Ancaman kudeta militer semakin kuat usai Jenderal Min Aung Hlaing, yang bisa dibilang orang terkuat di Myanmar, pada Rabu (27/1/2021) berkata konstitusi negara dapat dicabut dalam keadaan tertentu.
Anggota parlemen terpilih akan mulai menjabat pada 1 Februari, tetapi hari ini keamanan di ibu kota Naypyidaw sudah diperketat.
Polisi menjaga jalan dengan pagar kawat berduri.
Kedubes AS bersama 16 negara termasuk Inggris dan delegasi Uni Eropa, pada Jumat (29/1/2021) merilis peringatan agar militer mematuhi norma-norma demokrasi.

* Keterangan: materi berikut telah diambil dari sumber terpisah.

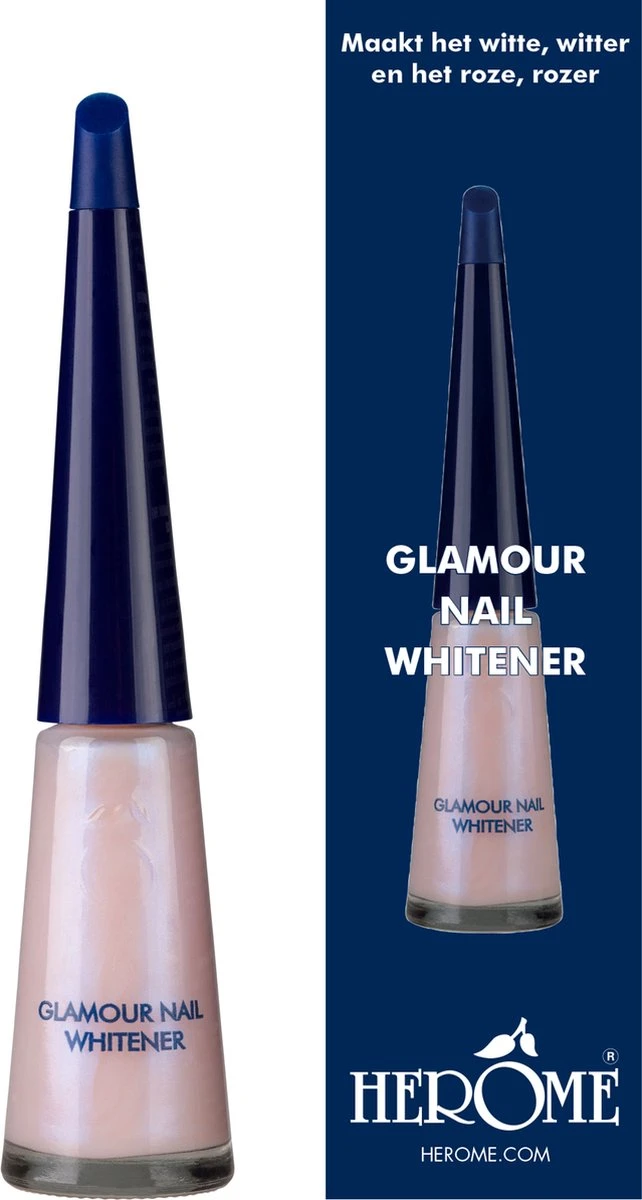 Herome Glamour Nail Whitener - Natural Nail Whitener Met Een Romige Parelmoerglans - Camoufleert Doffe Of Verkleurde Nagels - 10ml. 3 Herome Glamour Nail Whitener - Natural Nail Whitener Met Een Romige Parelmoerglans - Camoufleert Doffe Of Verkleurde Nagels - 10ml.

"Kami menanti pertemuan damai parlemen pada 1 Februari dan pengangkatan presiden serta DPR," kata mereka.
"(Kami) menentang segala upaya untuk mengubah hasil pemilu atau menghalangi transisi demokrasi Myanmar," lanjutnya dikutip dari AFP.
Sekretaris Jenderal PBB Antonio Guterres juga menyampaikan keprihatinan besar atas kondisi Myanmar belakangan ini, kata juru bicaranya, Stephane Dujarric.
"Dia mendesak semua yang terlibat untuk menghentikan segala bentuk hasutan atau provokasi, menunjukkan kepemimpinan, dan mematuhi norma-norma demokrasi serta menghormati hasil (pemilu)," ujar Dujarric.
Pemilu Myanmar pada November 2020 adalah pemilihan umum demokratis kedua sejak keluar dari tirai kediktatoran militer selama 49 tahun.
Seperti yang diprediksi, Suu Kyi dan partainya menyapu bersih pemilu dan mempertahankan kekuasaan mereka selama lima tahun ke depan.